Rattlers shed skin, or molt, as they grow, and each time they molt, a new segment of keratin–the same substance in human hair and fingernails–shows up on the tips of their tails. These keratin segments vibrate and make an infamous buzzing sound when a rattlesnake shakes its tail.
Unlike some other venomous snakes, Western diamondbacks are considered aggressive. They are more likely to rattle visitors and strike during a confrontation instead of slinking away.
Texas Banded Gecko
Scientific Name: Coleonyx brevis Habitat: Southwest Texas, rocky ground
Texas is so reptile friendly that not all the many lizard species found in the wild there are native, but the Texas banded gecko is! These colorful little lizards can easily fit in the palm of your hand. They are covered in pink or brown and yellow horizontal stripes. When threatened, they may squeak or try to imitate scorpions by lifting their tails and wiggling.
Texas Brown Tarantula
Scientific Name: Aphonopelma hentzi
Habitat: Grassland, rocky ground
The same bug-friendly weather and living conditions that attract reptile predators also make Texas extremely attractive to spiders. The Texas brown tarantula is one of the big ones.
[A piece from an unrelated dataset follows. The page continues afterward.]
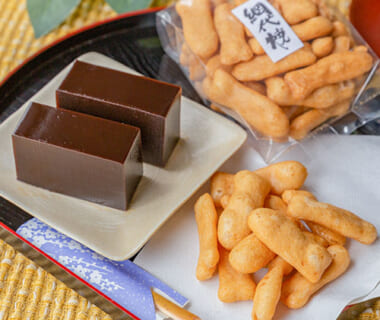 くろ羊かんと網代焼の詰め合わせ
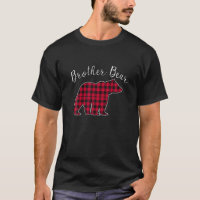 Brother Bear Christmas Pajama Red Buffalo Plaid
Females can lay a thousand eggs at a time, and the Texas brown’s leg span can grow to more than four inches.
Both black widows and brown recluses, the two North American spiders considered most dangerous to humans, also live in Texas.
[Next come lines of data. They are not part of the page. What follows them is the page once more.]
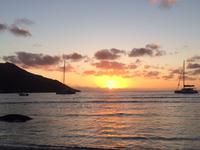 Sonnenuntergang auf Mahe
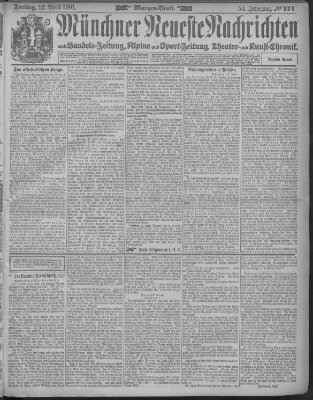 Münchner neueste Nachrichten Freitag 12. April 1901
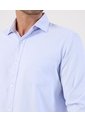 Camisa Formal De Manga Larga Con Bolsillo   Para Hombre Azul Patprimo de Patprimo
What Animals Are Only Found in Texas?
The Guadalupe bass, Texas’ official state fish, lives only in Texas. It is a small-stream fish that prefers flowing water habitat.
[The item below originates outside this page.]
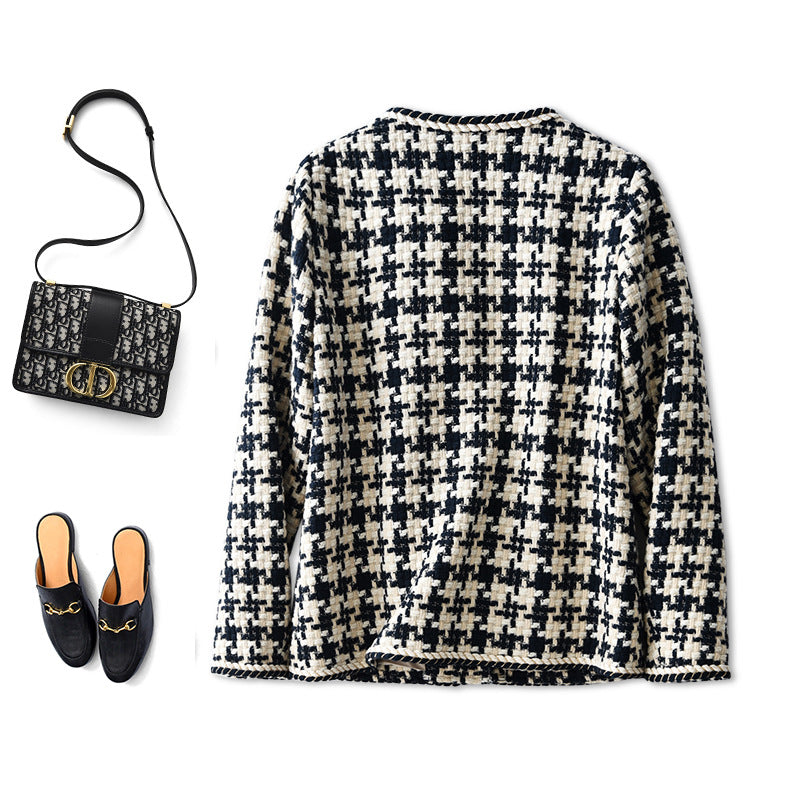 Houndstooth Jacket Outerwear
Additionally, the reticulated gecko is a very small, threatened lizard species known for its brown-mottled pattern. It is only found in parts of two West Texas counties, Brewster and Presidio. The only other known wild reticulated gecko populations are located in northern Mexico.
What Is the State Animal of Texas?
Like other US states, Texas has official state symbols, including animals— eight of them, to be exact! Let's take a closer look at each of them.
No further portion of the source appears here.